START SUPPLIED INFORMATION

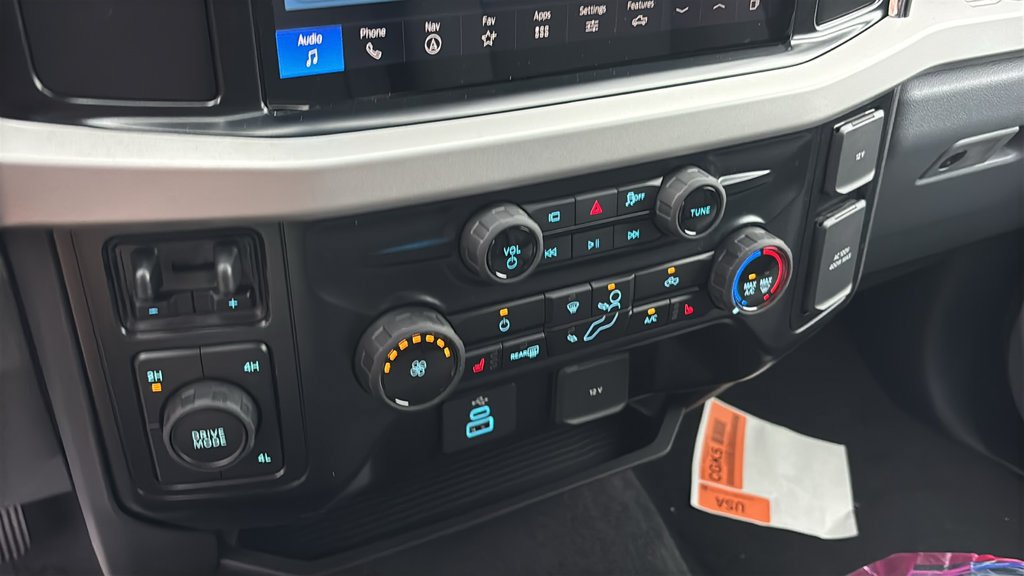 New 2027 Ford F250 XLT w/ XLT Premium Package AWD/4WD image 19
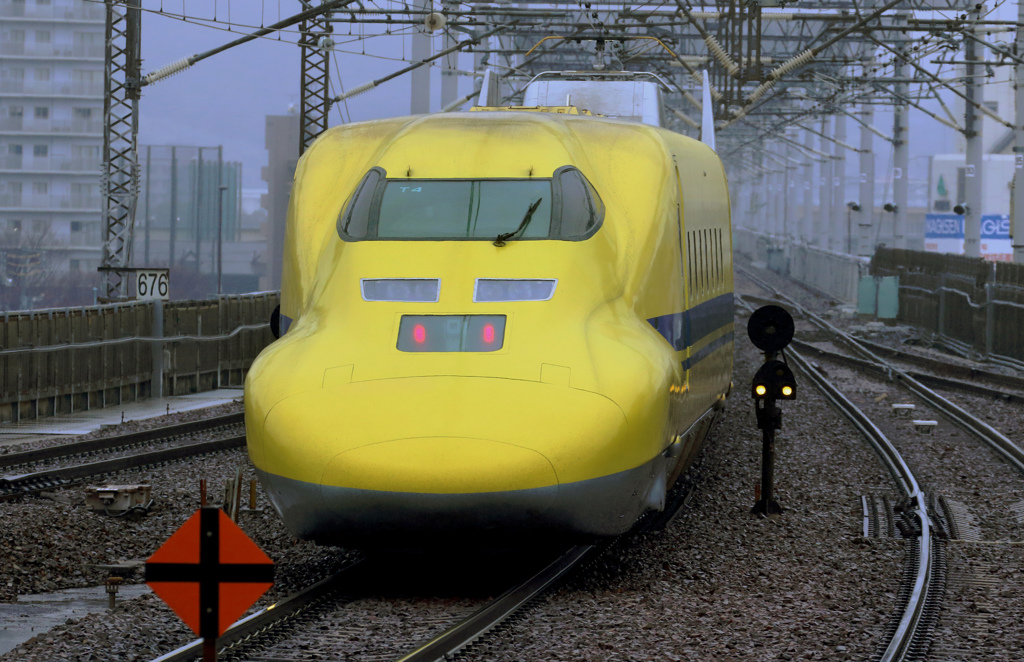 ドクターイエロー岡山駅
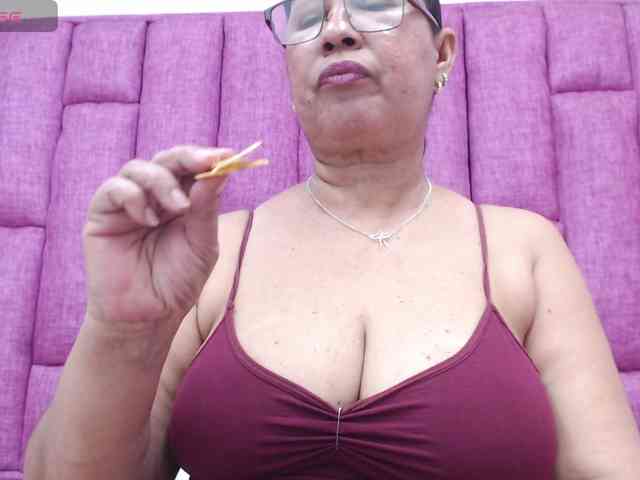MilfPleasure1 webcam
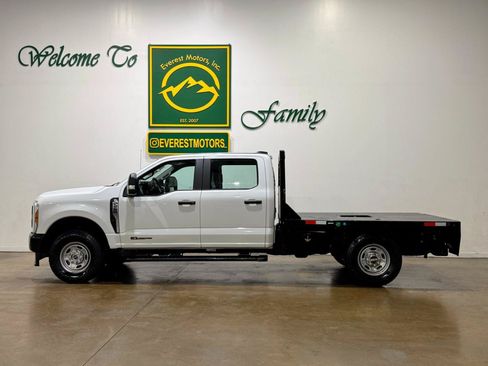 Used 2024 Ford F250 XL AWD/4WD image 5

END SUPPLIED INFORMATION

§ **TASK PROMPT**: Set down, in exact form, only the lines that start at the one containing "ドクターイエロー岡山駅" and finish at the last line of the material; pictures do not go in.

§ **EXERCISE SOLUTION**:
 ドクターイエロー岡山駅
MilfPleasure1 webcam
 Used 2024 Ford F250 XL AWD/4WD image 5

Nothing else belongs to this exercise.